Source records
========================================================================

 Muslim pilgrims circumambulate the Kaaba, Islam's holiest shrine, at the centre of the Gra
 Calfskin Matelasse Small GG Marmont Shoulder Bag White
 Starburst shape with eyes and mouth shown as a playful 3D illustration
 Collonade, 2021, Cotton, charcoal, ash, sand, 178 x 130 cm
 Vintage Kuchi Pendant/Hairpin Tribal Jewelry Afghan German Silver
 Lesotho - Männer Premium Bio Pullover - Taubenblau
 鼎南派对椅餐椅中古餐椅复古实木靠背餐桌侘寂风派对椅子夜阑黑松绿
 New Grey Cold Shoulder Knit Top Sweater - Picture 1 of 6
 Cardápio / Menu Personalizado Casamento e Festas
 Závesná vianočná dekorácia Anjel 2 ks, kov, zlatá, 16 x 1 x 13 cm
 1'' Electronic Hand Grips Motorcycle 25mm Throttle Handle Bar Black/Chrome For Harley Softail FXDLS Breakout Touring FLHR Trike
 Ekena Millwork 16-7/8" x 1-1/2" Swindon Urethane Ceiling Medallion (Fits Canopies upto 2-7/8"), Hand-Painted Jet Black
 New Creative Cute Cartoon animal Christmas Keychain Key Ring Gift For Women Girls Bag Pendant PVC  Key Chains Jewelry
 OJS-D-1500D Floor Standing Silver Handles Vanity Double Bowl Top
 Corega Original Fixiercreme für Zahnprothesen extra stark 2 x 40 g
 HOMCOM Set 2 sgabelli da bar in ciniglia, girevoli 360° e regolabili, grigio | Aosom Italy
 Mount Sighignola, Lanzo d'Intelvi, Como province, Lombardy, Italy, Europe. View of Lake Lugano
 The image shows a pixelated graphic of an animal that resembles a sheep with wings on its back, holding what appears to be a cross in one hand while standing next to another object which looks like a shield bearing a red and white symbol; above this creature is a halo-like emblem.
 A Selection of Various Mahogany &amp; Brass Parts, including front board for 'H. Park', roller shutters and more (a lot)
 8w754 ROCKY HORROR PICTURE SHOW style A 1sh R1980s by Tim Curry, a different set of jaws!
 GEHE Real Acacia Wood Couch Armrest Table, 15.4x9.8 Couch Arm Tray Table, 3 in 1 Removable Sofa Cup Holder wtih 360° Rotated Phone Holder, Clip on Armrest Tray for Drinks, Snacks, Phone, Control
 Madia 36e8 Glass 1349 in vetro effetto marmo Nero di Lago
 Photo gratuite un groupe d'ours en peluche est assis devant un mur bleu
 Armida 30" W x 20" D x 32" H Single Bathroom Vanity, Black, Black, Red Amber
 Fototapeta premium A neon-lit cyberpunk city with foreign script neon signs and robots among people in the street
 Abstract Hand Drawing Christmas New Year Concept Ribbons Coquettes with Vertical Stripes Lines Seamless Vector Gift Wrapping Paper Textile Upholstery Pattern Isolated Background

========================================================================

Exercise
Repeat every line exactly, starting with the first line of the entries, and stop once the line containing "1'' Electronic Hand" has been given.

The answer
 Muslim pilgrims circumambulate the Kaaba, Islam's holiest shrine, at the centre of the Gra
 Calfskin Matelasse Small GG Marmont Shoulder Bag White
 Starburst shape with eyes and mouth shown as a playful 3D illustration
 Collonade, 2021, Cotton, charcoal, ash, sand, 178 x 130 cm
 Vintage Kuchi Pendant/Hairpin Tribal Jewelry Afghan German Silver
 Lesotho - Männer Premium Bio Pullover - Taubenblau
 鼎南派对椅餐椅中古餐椅复古实木靠背餐桌侘寂风派对椅子夜阑黑松绿
 New Grey Cold Shoulder Knit Top Sweater - Picture 1 of 6
 Cardápio / Menu Personalizado Casamento e Festas
 Závesná vianočná dekorácia Anjel 2 ks, kov, zlatá, 16 x 1 x 13 cm
 1'' Electronic Hand Grips Motorcycle 25mm Throttle Handle Bar Black/Chrome For Harley Softail FXDLS Breakout Touring FLHR Trike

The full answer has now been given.